Cathay Pacific has boosted the strength of its Hong Kong hub with the reopening of business class lounge “The Pier” as it takes the fight up to its rivals for premium passengers amid sluggish market conditions.

Following the upgrade, The Pier business class lounge has been expanded by 1,000 square metres (to 3,306 square metres) has enough seating for 550 people. Located in the north-west part of the airport, it is the airline’s largest lounge.

The refurbished Pier, designed by London-based Studioilse, features Cathay’s signature noodle bar as well as showers, workstations and a tea house. It aims to replicate elements of Hong Kong street life, “albeit elevated to a more luxurious standard, to give a distinctly Hong Kong identity to the lounge offering”, Cathay said.

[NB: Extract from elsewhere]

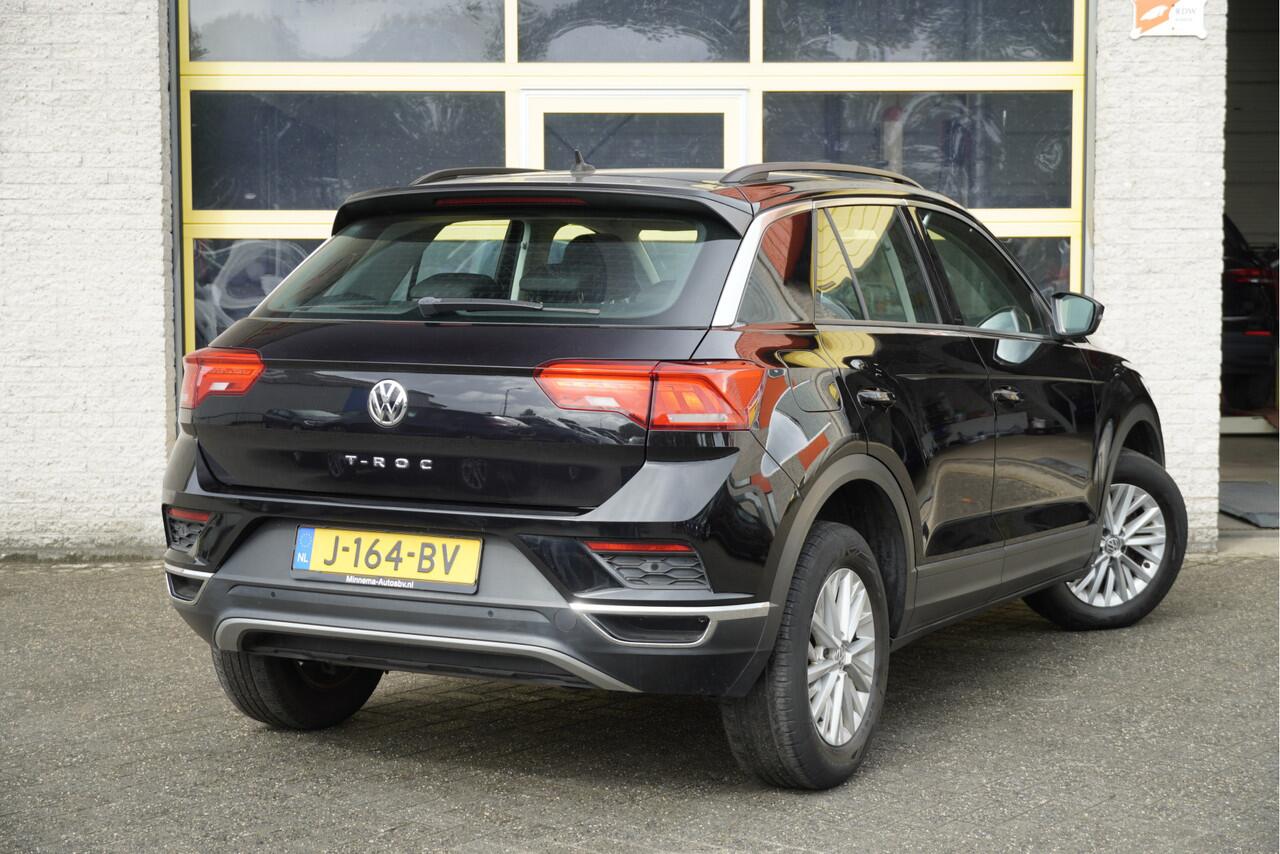 Volkswagen T-Roc 1.0 TSI Style BJ2020 Lmv 16" | Led | Navi | Pdc | App-Connect | Airco | Cruise control | Getint glas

It is the latest facility in Cathay’s lounge network to get an upgrade, following the opening of refreshed lounges in external ports such as Bangkok, Manila, Tokyo (Haneda) and Vancouver in recent times, as the airline faces competition for premium travellers from the likes of Singapore Airlines and the rise and rise of China’s big three – Air China, China Eastern and China Southern.

The airline’s traffic statistics for April showed weakening passenger demand across most of the network, Cathay Pacific general manager for revenue management Patricia Hwang said.

“The number of passengers carried decreased compared to the same month in 2015, despite more capacity being operated, which resulted in another drop in load factor,” Hwang said in a statement.

“April figures received a boost from Easter returning traffic and the beginning of travel for the Labour Day holidays in China, but overall we are not seeing the high volumes we saw last year. Pressure on yield remains, with competition increasing and premium demand continuing to fall short of expectations.”

The oneworld alliance member, which serves Adelaide, Brisbane, Cairns, Perth, Melbourne and Sydney with a mix of Airbus A330-300 and Boeing 777-300ER equipment, will also get a boost to both its passenger offering and bottom line at the end of May, when it was due to receive the first of 22 new generation, fuel efficient Airbus A350-900s on order.

The A350-900s, will be configured with business, premium economy and economy, were expected to feature new seats and on board internet.

Cathay has announced previously Dusseldorf and London (Gatwick) were the first two long-haul destinations for the A350-900, with Auckland also expected to receive the type before the end of 2016.

The airline has also ordered 26 of the larger A350-1000.

Recent reports said Cathay chief executive Ivan Chu has initiated some cost-cutting measures such as cuts to non-essential discretionary expenditure, a hiring freeze for non-essential personnel and a review of operational budgets.